Leave out the pictures and output the data verbatim.

● **Dataset content**:
************
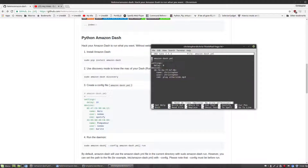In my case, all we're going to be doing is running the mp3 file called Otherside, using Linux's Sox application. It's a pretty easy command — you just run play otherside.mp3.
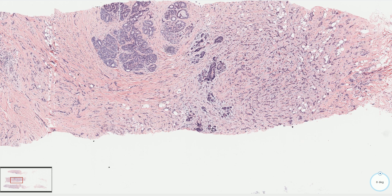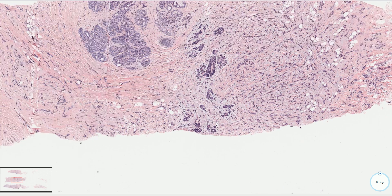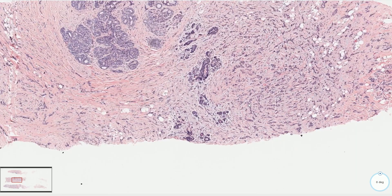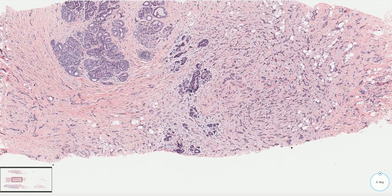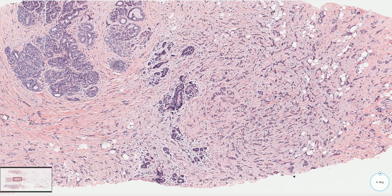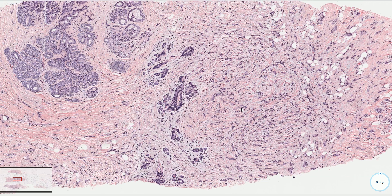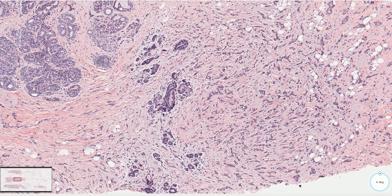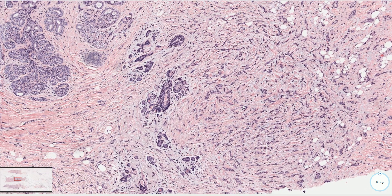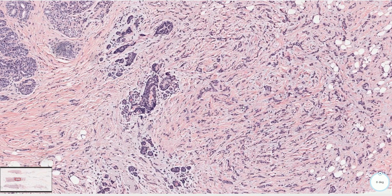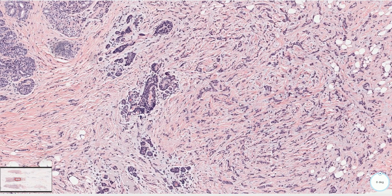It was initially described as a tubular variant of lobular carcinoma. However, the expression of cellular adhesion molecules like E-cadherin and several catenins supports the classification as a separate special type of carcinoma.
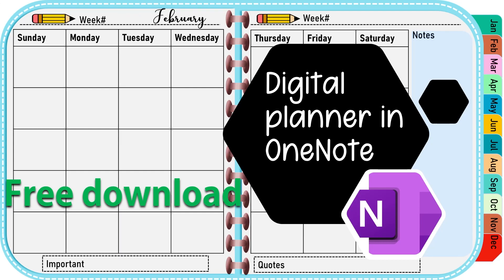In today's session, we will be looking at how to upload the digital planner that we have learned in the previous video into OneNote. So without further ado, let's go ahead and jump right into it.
************
● **Exercise result**:
In my case, all we're going to be doing is running the mp3 file called Otherside, using Linux's Sox application. It's a pretty easy command — you just run play otherside.mp3.
It was initially described as a tubular variant of lobular carcinoma. However, the expression of cellular adhesion molecules like E-cadherin and several catenins supports the classification as a separate special type of carcinoma.
In today's session, we will be looking at how to upload the digital planner that we have learned in the previous video into OneNote. So without further ado, let's go ahead and jump right into it.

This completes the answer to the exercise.